Spin-dependent tunneling in metal-insulator-narrow gap semiconductor structures in a magnetic field

TL;DR

This study investigates spin-dependent tunneling in metal-insulator-narrow gap semiconductor structures under magnetic fields, revealing oscillations due to Landau quantization and differences in tunneling into spin sublevels influenced by surface potential.

Contribution

It provides a detailed analysis of spin-dependent tunneling oscillations and their dependence on magnetic field orientation and surface potential in narrow gap semiconductor structures.

Findings

Tunneling conductivity oscillates with magnetic field due to Landau quantization.

Amplitudes of tunneling into different spin sublevels vary significantly.

Surface potential influences the relationship between spin sublevel contributions.

Abstract

We present results of tunneling studies of p-Hg_{1-x}Cd_{x}Te-oxide-Al structures with 0.165<x<0.2 in a magnetic field up to 6 T. The tunneling conductivity oscillations resulting from the Landau quantization of the energy spectrum in the semiconductor volume are investigated.
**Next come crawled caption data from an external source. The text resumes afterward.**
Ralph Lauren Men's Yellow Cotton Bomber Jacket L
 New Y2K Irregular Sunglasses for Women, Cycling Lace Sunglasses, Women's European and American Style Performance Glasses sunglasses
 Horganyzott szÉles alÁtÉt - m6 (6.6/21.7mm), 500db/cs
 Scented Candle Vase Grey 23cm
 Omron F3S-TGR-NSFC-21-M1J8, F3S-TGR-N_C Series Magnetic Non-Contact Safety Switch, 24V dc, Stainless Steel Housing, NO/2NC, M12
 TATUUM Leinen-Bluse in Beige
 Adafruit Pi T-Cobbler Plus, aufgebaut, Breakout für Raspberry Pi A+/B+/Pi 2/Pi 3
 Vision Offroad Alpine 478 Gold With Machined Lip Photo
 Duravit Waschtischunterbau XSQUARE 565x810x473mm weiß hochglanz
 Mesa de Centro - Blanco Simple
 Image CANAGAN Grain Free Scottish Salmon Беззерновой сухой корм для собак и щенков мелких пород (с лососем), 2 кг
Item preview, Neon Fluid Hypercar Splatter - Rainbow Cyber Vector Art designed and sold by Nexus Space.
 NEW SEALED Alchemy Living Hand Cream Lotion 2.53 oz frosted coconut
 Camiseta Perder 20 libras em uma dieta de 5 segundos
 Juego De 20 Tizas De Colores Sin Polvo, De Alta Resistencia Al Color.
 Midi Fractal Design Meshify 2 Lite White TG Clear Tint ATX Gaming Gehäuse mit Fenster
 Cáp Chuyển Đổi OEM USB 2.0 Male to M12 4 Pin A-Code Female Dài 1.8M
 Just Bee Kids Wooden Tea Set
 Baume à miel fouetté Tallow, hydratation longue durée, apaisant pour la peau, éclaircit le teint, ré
Under an in-plane magnetic field the amplitudes of tunneling conductivity maxima connected with the tunneling into `a' and `b' spin sublevels are found to differ substantionally from one another, and the amplitude ratio varying from structure to structure. To understand the cause of this behavior, the tunneling conductivity for this magnetic field orientation is calculated taking into consideration the multi-band energy spectrum. It is shown that the contributions of the different spin-sublevels to the tunneling conductivity are dissimilar and the relationship between them depends strongly on the value of surface potential.